-------- DATASET EXCERPTS

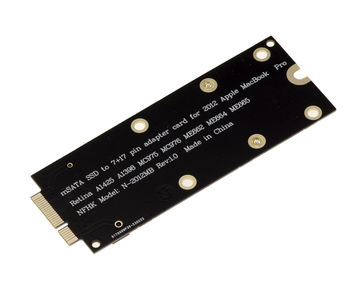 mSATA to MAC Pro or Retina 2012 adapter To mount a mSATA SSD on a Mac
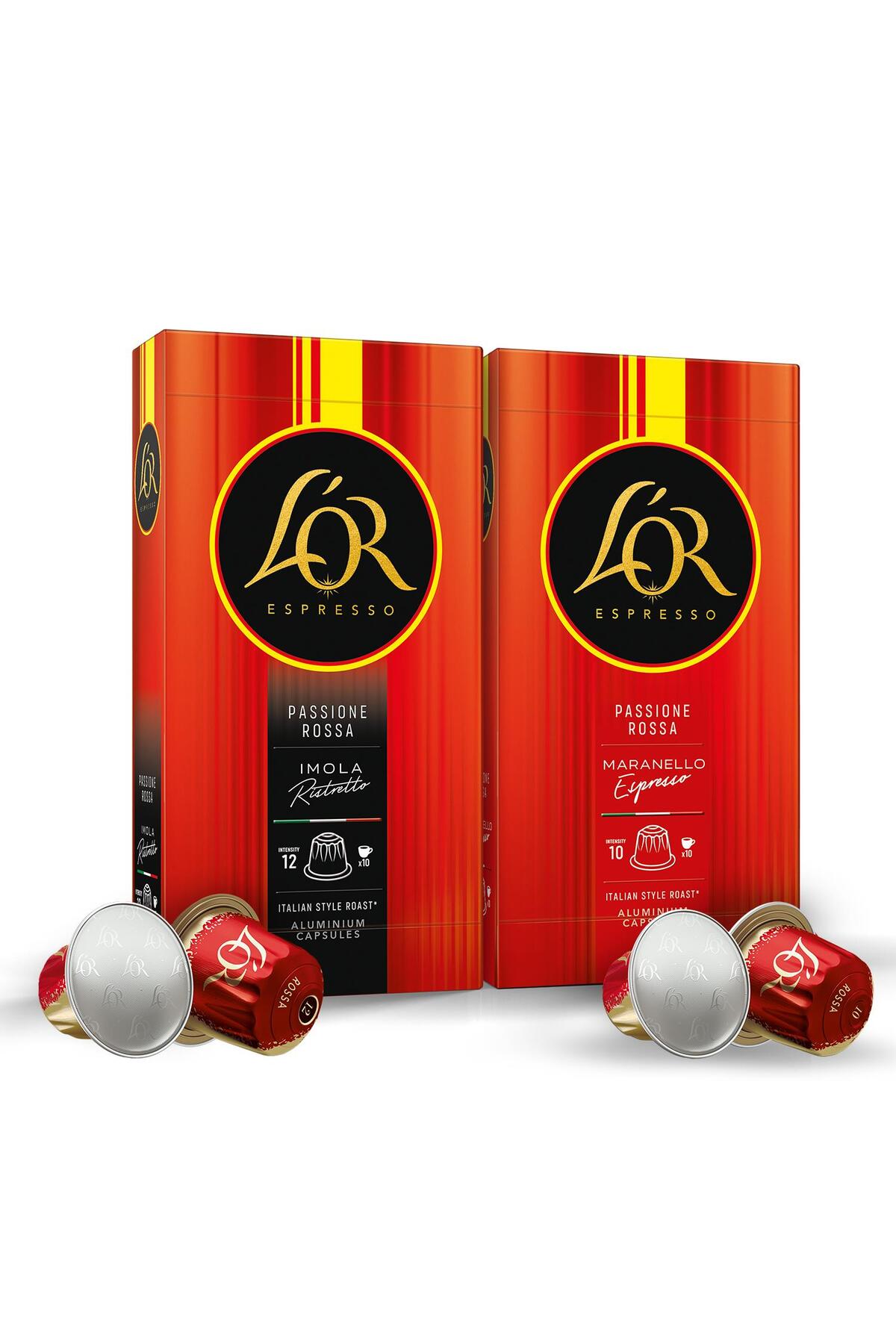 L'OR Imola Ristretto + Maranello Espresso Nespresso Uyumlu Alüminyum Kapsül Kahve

----------------
-------- DATASET EXCERPTS

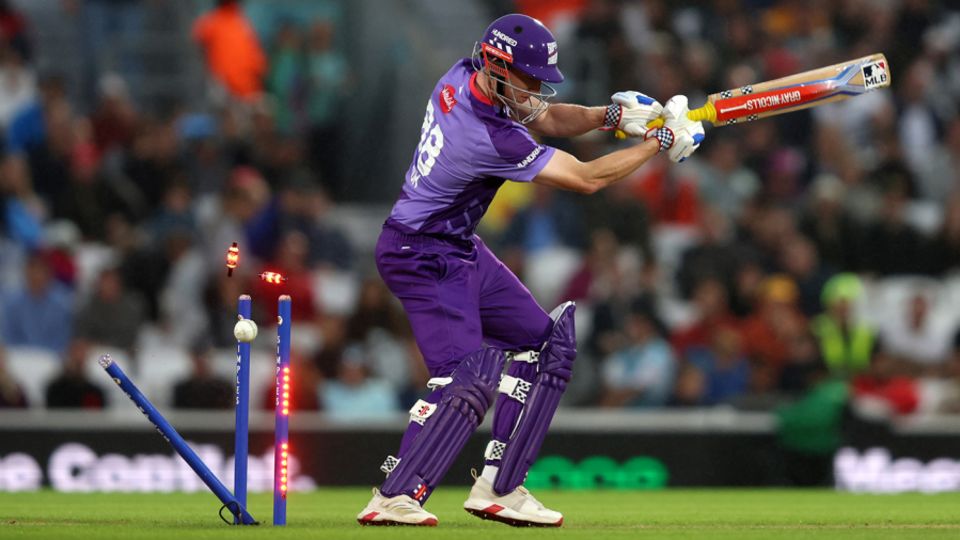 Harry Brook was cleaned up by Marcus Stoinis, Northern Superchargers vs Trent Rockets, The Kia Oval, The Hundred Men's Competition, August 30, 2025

----------------
-------- DATASET EXCERPTS

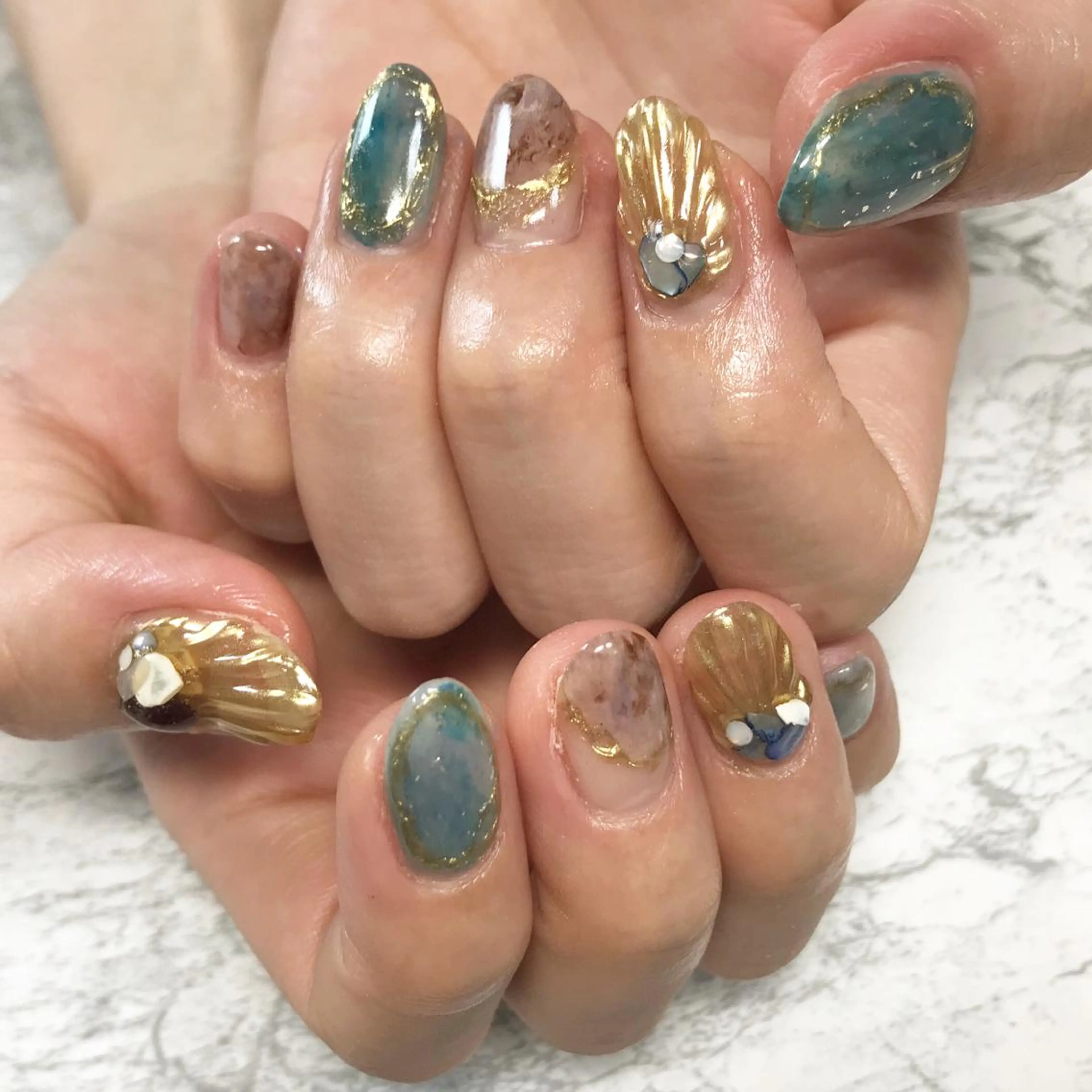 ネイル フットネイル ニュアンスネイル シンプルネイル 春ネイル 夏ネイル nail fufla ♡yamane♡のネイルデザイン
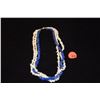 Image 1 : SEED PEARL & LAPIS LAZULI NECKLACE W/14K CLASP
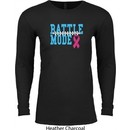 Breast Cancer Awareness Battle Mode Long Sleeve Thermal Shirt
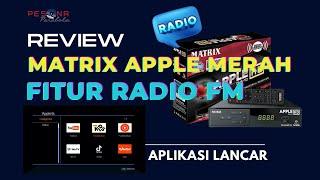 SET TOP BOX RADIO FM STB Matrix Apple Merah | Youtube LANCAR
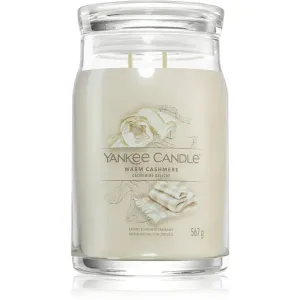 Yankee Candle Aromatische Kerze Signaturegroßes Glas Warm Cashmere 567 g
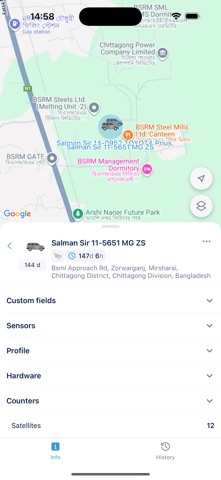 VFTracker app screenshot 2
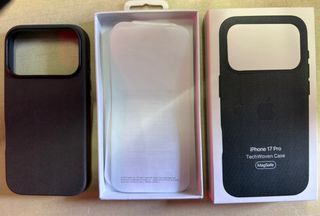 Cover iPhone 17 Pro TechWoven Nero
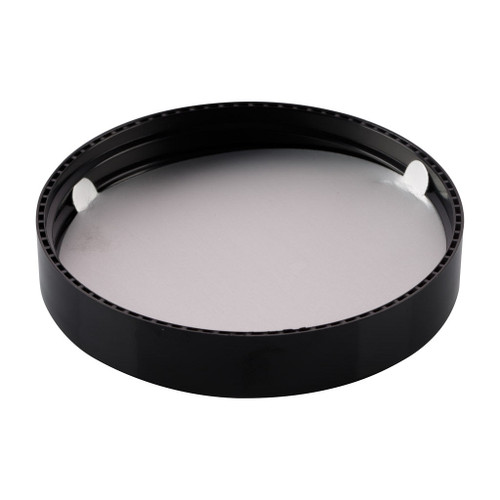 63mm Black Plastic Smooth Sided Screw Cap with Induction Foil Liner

----------------

ACTION ITEM
Your reply should hold nothing but the lines above, from the one containing "Breast Cancer Awareness" to the one containing "63mm Black Plastic", reproduced exactly minus the pictures.

PROBLEM SOLUTION
 Breast Cancer Awareness Battle Mode Long Sleeve Thermal Shirt
 SET TOP BOX RADIO FM STB Matrix Apple Merah | Youtube LANCAR
 Yankee Candle Aromatische Kerze Signaturegroßes Glas Warm Cashmere 567 g
 VFTracker app screenshot 2
 Cover iPhone 17 Pro TechWoven Nero
 63mm Black Plastic Smooth Sided Screw Cap with Induction Foil Liner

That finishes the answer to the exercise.